Wir in Deutschland haben – zumindest formell betrachtet – eine Struktur mit kleinen Regionalbanken; jede Fraktion nimmt für sich in Anspruch, für die kleinen Regionalbanken zu sein. Dann gibt es das britische Bankensystem. Wir wissen: In Großbritannien, in Irland, in anderen Staaten war der Zugang der Menschen zu einem Bankkonto angesichts der dortigen Bankenstruktur erheblich schlechter gewährleistet. Darum wurde auf europäischer Ebene diese Richtlinie auf den Weg gebracht.
Es gibt in Deutschland – Staatssekretär Meister und Kollege Hauer haben darauf hingewiesen – eine Selbstverpflichtung der Banken und Sparkassen. Dank der Sparkassen gibt es in Deutschland eine erheblich bessere Versorgung mit Konten für jedermann als in anderen europäischen Staaten.
(Beifall bei der CDU/CSU)
Einen Punkt kann ich mir da nicht verkneifen – es geht um den Trugschluss europäischer Gesetzgebung –: Wenn auf europäischer Ebene durch Binnenmarktgesetzgebung, Finanzmarktregulierung und Maßnahmen in vielen anderen Bereichen auf der einen Seite harmonisiert und damit Kahlschlag betrieben wird, weil systemimmanente Strukturen nicht berücksichtigt werden – –
(Nicole Maisch [BÜNDNIS 90/DIE GRÜNEN]: Es gab doch trotzdem 1 Million Leute ohne Konto!)
– Lassen Sie mich doch bitte erst mal den Gedanken zu Ende führen.
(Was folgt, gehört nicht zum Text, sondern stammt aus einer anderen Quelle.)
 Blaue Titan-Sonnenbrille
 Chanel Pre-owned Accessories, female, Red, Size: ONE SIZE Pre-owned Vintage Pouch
Ich kann Ihnen genügend Beispiele nennen. Sogar die Grünen im Europäischen Parlament teilten damals die Meinung, dass der Verbraucherschutz in Deutschland durch systemimmanente, kleingewachsene Strukturen gewährleistet wird. Das sehen wir im Apothekenbereich, das sehen wir im Bereich des Handwerks, und das sehen wir auch bei den Regionalbanken.
Ich komme zu den Sparkassen. Was ich schon gern hätte, ist, dass die europäische Ebene nicht die Sparkassen, die bisher diese Leistungen erbracht haben, an den Pranger stellt, indem sie regelmäßig in dem Bereich reguliert. – Da brauchen Sie nicht mit dem Kopf zu schütteln, Frau Maisch.
(Nicole Maisch [BÜNDNIS 90/DIE GRÜNEN]: Das hat mit dem Thema gar nichts zu tun! Die Sparkassen machen es doch schon seit langem!)
– Eben!
(Nicole Maisch [BÜNDNIS 90/DIE GRÜNEN]: Jetzt werden auch die anderen Institute gezwungen! Aber nicht von Ihnen, sondern von Brüssel!)
Sie äußern genau den Gedanken in sehr kurzer Form. In anderen Bereichen Europas gibt es so etwas nicht.
(Nicole Maisch [BÜNDNIS 90/DIE GRÜNEN], an die CDU/CSU gewandt: Er hat es leider nicht verstanden! – Gegenruf der Abg. Antje Tillmann [CDU/CSU]: Sie offensichtlich auch nicht!)
Die Sparkassen haben es gemacht.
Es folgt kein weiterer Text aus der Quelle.